October 27), which acknowledged both the advantages and disadvantages I named
above. The statistics here, apparently
invoked to be negative, almost served the other side better; although “nearly
30% of gig workers who work part-time would prefer a full-time job,” that
number could be much higher, and it is redundant to say that three-quarters of
“these part-timers” have low incomes.
What’s interesting about “Rigging the gig economy: A proposed bill would lure freelance workers
to sign away their employee rights for cash” (Salon, November 29th), is that it sought to make one
politically liberal point, failed, and in the process unintentionally put forth
cases for two others. It related a
proposed legislative bill that would either mandate, or allow participation in,
a scheme where companies would subsidize gig workers’ health care at an amount
equal to 2.5% of their income, in exchange for them agreeing to “accept their
classification as nonemployees.” That’s
not a large bonus, but it is significant, and, if they are legally not on their
companies’ payrolls, it costs them nothing.

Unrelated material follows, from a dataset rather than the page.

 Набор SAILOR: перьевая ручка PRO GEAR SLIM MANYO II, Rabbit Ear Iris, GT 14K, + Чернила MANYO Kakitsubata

The two true improvements it supported were strict, well-enforced worker-favoring
laws on what constitutes a contractor as opposed to an employee, and national
health insurance unconnected to income sources.
It was months later before anything more on this subject
crossed my desk, and it was on the April 10th New York Times editorial page.

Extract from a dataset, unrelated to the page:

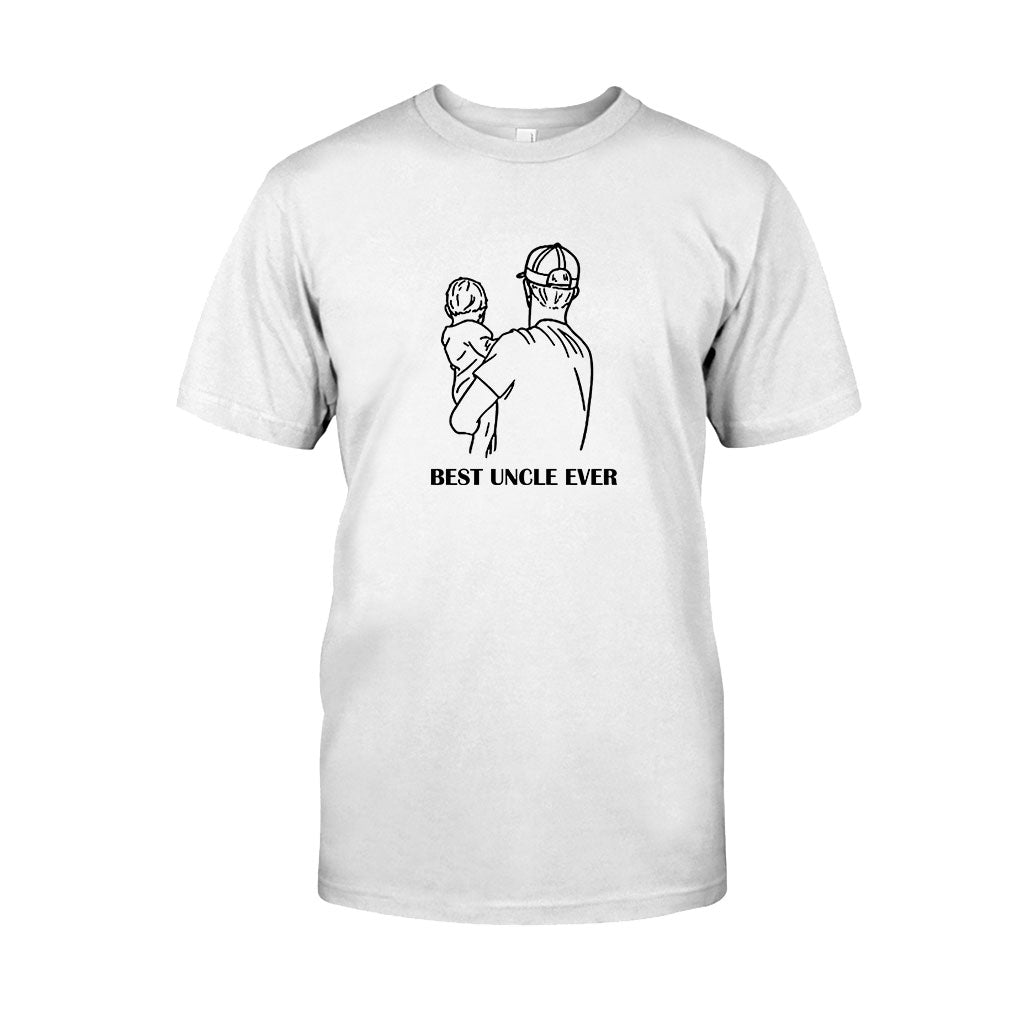 Meilleur oncle du monde - Cadeau pour tonton - T-shirt et sweat à capuche personnalisés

“The Gig Economy’s False Promise” properly debunked what the editorial
board called “the promises Silicon Valley makes about the gig economy,” namely
the illusions of entrepreneurism and independence, and the idea that “use of
the independent contractor model is in fact better for workers.” The problem here is that as an inferior good,
gig jobs, taken mostly when permanent ones are unobtainable, do not hurt those
who have them. As shabby and misleading
as these positions can be, the permanent jobs crisis, not those offering them, deserves
the blame.
Most recent was “Is the gig economy working” (New Yorker, May 15). This long, long form piece (it printed out to
24 pages) used a combination of stories, statistics, and interviews to assess
where this form of work might be going.
Its angle, as its subtitle put it, “many liberals have embraced the
sharing economy. But can they survive
it?”, surprised me, as I had thought of the gig economy as having mostly
conservative appeal, since it facilitates free-market transactions while
requiring workers to defend their own interests without regulatory protection. Author Nathan Heller, though, said some called
it “the power to control one’s working life,” with gigs offering a chance for employment
to “return, grassroots style, to the people.”
He interviewed some who earned money through TaskRabbit and Lyft, who
were actually only choosing the ancient, big-city combination of side work
financing primary efforts in creative projects that may or may not sell, and
contrasted the reality of such jobs with Uber and Airbnb promotional
material. After much more thought,
analysis, and conflation of pure gig opportunities with sharing-economy ones,
he came around to the independent-contracting and health-coverage issues above,
and concluded with a worker, with whom he started the story, finishing a group
of handyman tasks and saying “the gig economy is such a lonely economy.”